We are solving for transportation as a social driver of health. We do two things. First, we provide companion rides, which is a door-through-door rideshare service for individuals who have cognitive or mobility impairments. Our drivers are trained in first aid, CPR and supporting people with dementia. They’ll go into the home or the hospital to help them gather their belongings, assist them into the vehicle, and walk them into their final destination to ensure that there’s always somebody to accompany them. 

The second thing we do is offer a total transportation management program for healthcare organizations. Our platform can enable everything from traditional rideshares to ambulance services, so healthcare transportation coordinators can go to one place and get access to all the different types of transportation they need. 

 

So you’re much more than a rideshare company. 

We have an algorithm matching process that can pair riders and drivers based on different needs and impairment levels. We’re continuing to expand that so we can go deep into cultural competency — for example, so we can consistently match riders with drivers who speak their primary language. There’s a lot of nuance that we’re building into the platform to differentiate the experience that riders have with us. 
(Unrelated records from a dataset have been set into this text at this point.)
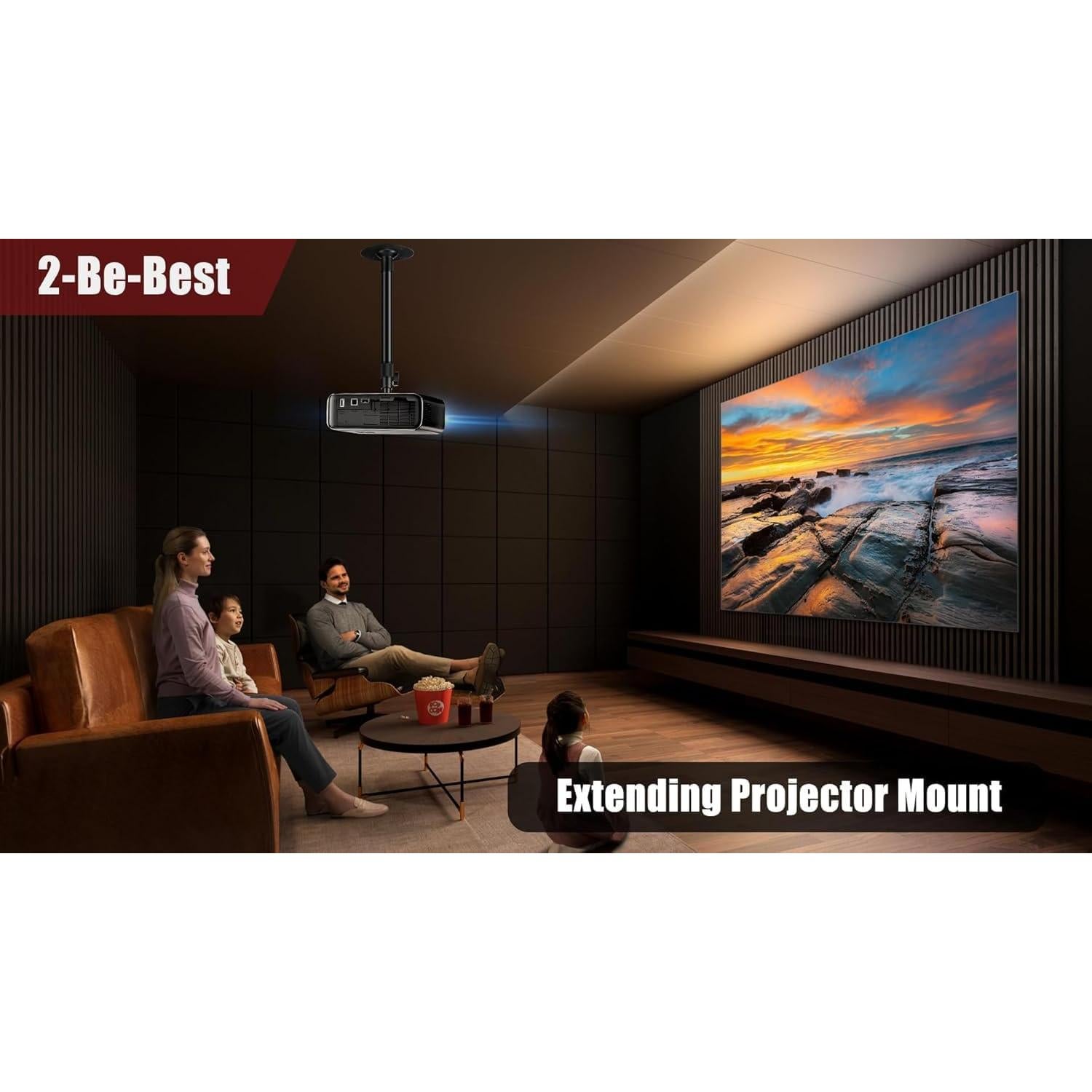 Soporte de Proyector 2-Be-Best Ajustable 37-62 cm Negro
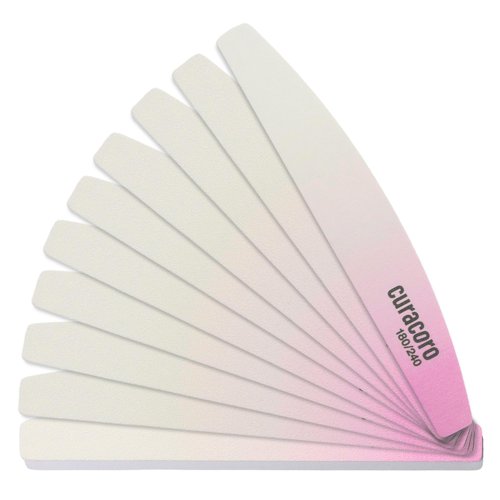 Curacoro 10 PCS Nail File - Professional Half-Moon Nail Files Double Sided Emery Board (180/240 Grit), Washable Nail Files and Buffers, Smooths & Shapes Nails, Manicure & Pedicure Buffing Tools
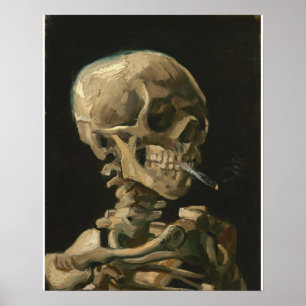 Vincent Van Gogh - Skull with Burning Cigarette Poster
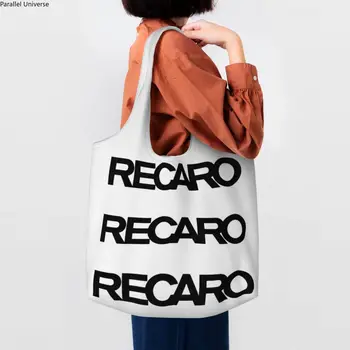 Сумка для покупок с логотипом Recaros, холщовая сумка для покупок на заказ, сумки через плечо, большая емкость, моющиеся сумки для фотографий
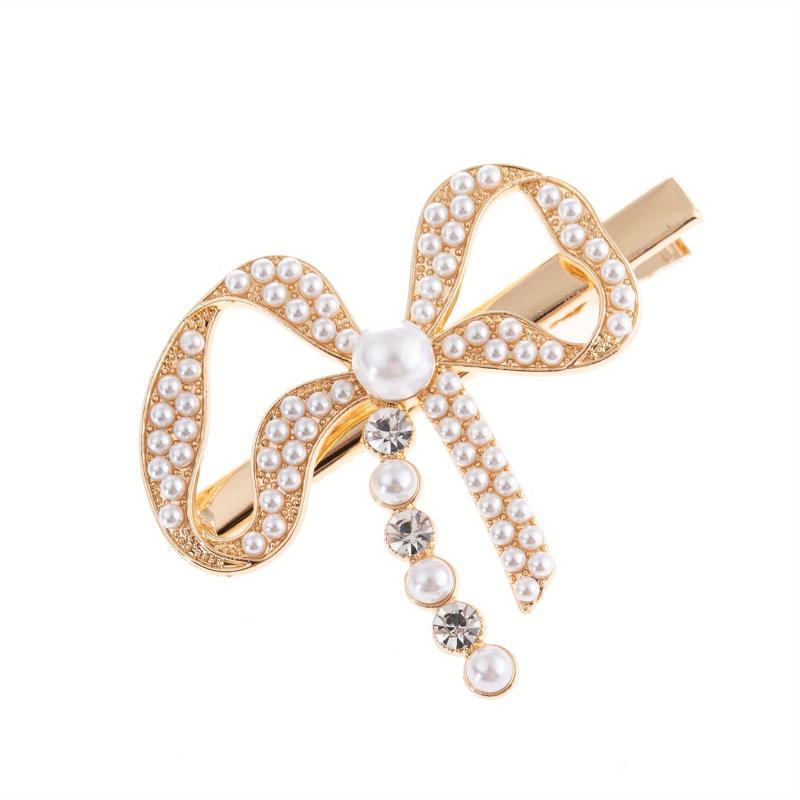 Sweet Pearl Bow Hair Clip for Women Girls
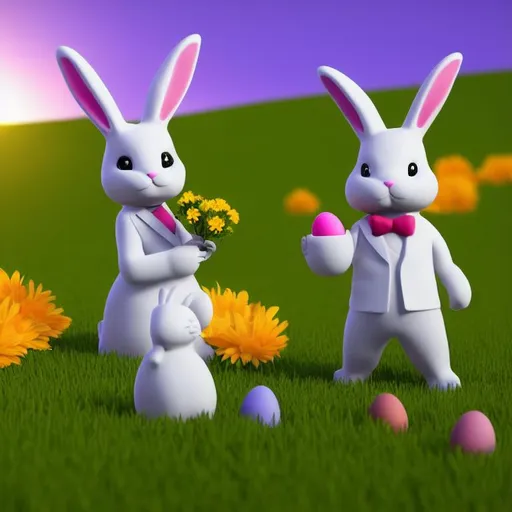 Prompt: cute tiny easter bunny, wearing a suit, 3d blender render, on a green field with flowers, eggs around, ambient light, sunset, rainbow and mountains

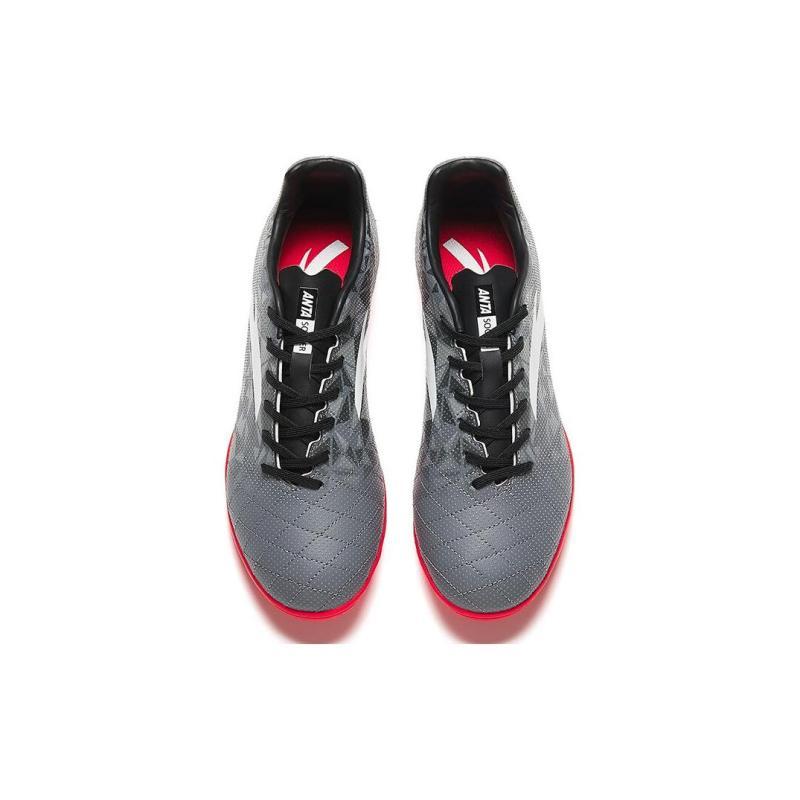 Anta Slip Resistant TF Turf Artificial Turf Abrasion Resistant Soccer Shoes Men's Gray Pink Sneakers 912332201-3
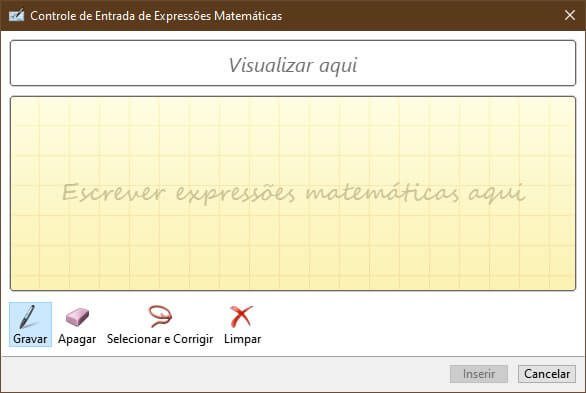 Controle de Entrada de Expressões Matemáticas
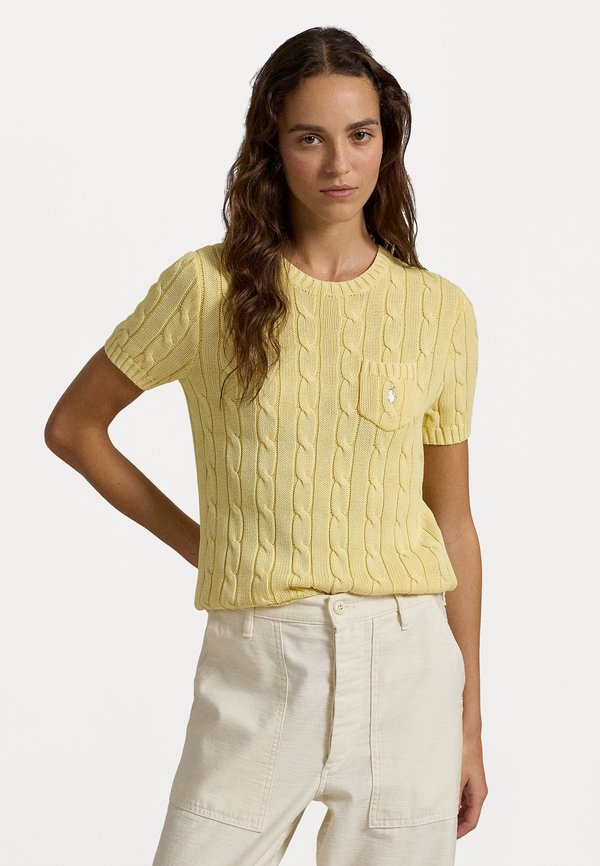 Cable Knit Cotton Short Sleeve Sweater - Basic T-shirt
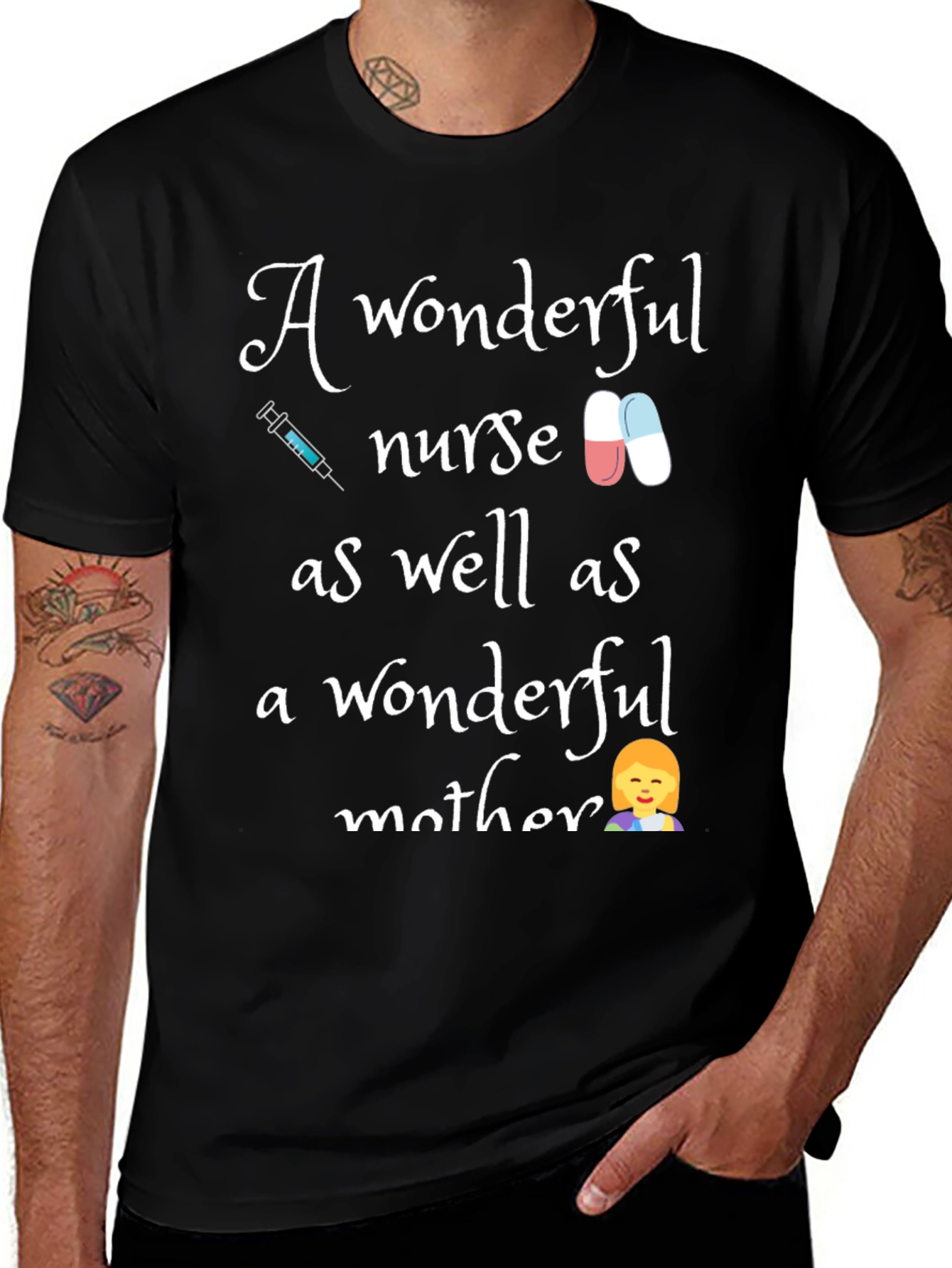 Wonderful Nurse & Mother Graphic T-Shirt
We get phone calls from riders who say, “I really liked my driver. Can I ride with them again next time?” So we have the ability to do favorite rider-driver pairing, because people who go to dialysis several days a week, for example, don’t want a different driver every time. They want someone who understands their condition, understands the level of mobility support they need, or even if they like to have cookies after their appointment. 

 

Is the app designed primarily for riders or caregivers? 

We do have some direct-to-consumer riders, and in those cases the app is really designed for caregivers, such as an adult child who is coordinating rides for a parent. However, the vast majority of people who ride with us are doing it directly through the healthcare system. For example, we do 600–800 rides per month for the San Francisco VA hospital, because the reality is that most people can’t afford to pay for a rideshare as a regular mode of transportation. We do a lot of rides for Programs of All-Inclusive Care for the Elderly, often referred to as PACE programs. Their funding enables them to include transportation as part of their care. 

 

What was the driving force behind founding Onward? 

I spent my early career doing process improvement and customer loyalty work, and I landed at the Cleveland Clinic as they were starting the first Office of Patient Experience in the nation. Later, I co-founded a company that did research on patient engagement and healthcare.  

Historically, our healthcare landscape has done “sick care,” and that has driven the astronomical cost of healthcare in the United States. About 15 years ago, I started learning about the social drivers of health and how they impact health outcomes, and I thought, “This is it!” It’s about solving for these problems that put people on the path to sickness to begin with. Then I met my co-founder, Steve Grau, who runs the largest ambulance company in the Bay Area, and we said, “We should figure out how to solve for this transportation barrier to care.” 

 

What are some of the challenges you’ve faced in growing this business? 

We’ve been reasonably fortunate in that we’ve been able to convince people that this is a worthy service. But one of our biggest challenges is that we don’t fit into a classic payment model. We’re not a wheelchair company, and we’re not a taxi company; we’re something in between. This is particularly true when our companions are asked to stay and observe the rider after drop-off. So we’re looking to partner with some plans to develop a strong system of measurement to validate this different model of care and show its impact on the total cost of care. 

 

What’s next on the horizon for Onward? 

We’re concentrated in the Bay Area right now, and we’re working on geographic expansion. So we’re fundraising to support that because each new market needs a new sales team, new driver acquisition, and so forth. By the end of 2024, our goal is to be in 12 markets where our services are needed most.